▶ Instructions for the task: Once you find the line with "Glasses of champagne." in the data that follows, repeat it and every line after it exactly, through the line with "Маска для лица".

▶ The records:
○ ○ ○ ○ ○ ○ ○
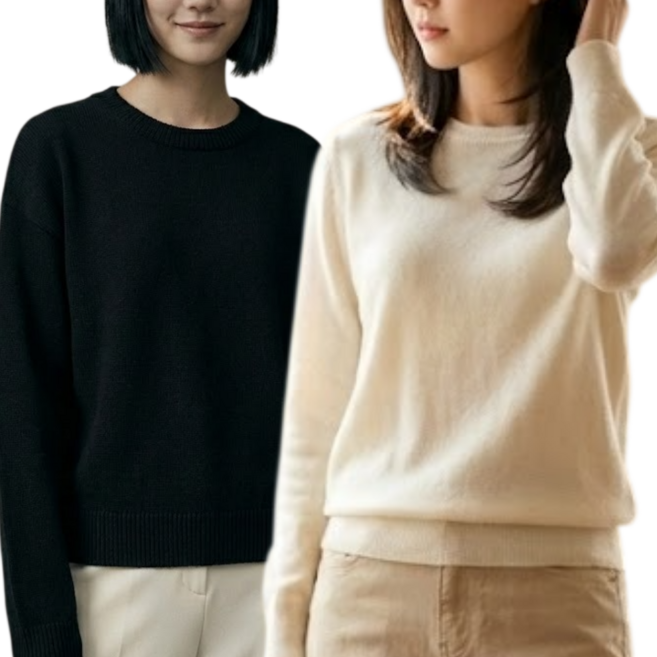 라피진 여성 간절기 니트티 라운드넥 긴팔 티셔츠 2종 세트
○ ○ ○ ○ ○ ○ ○
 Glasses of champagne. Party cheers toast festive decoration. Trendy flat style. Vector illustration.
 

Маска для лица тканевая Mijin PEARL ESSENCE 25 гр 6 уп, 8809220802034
○ ○ ○ ○ ○ ○ ○
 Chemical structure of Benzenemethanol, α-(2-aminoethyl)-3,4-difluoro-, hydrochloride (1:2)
○ ○ ○ ○ ○ ○ ○
▶ Solved problem:
 Glasses of champagne. Party cheers toast festive decoration. Trendy flat style. Vector illustration.
 

Маска для лица тканевая Mijin PEARL ESSENCE 25 гр 6 уп, 8809220802034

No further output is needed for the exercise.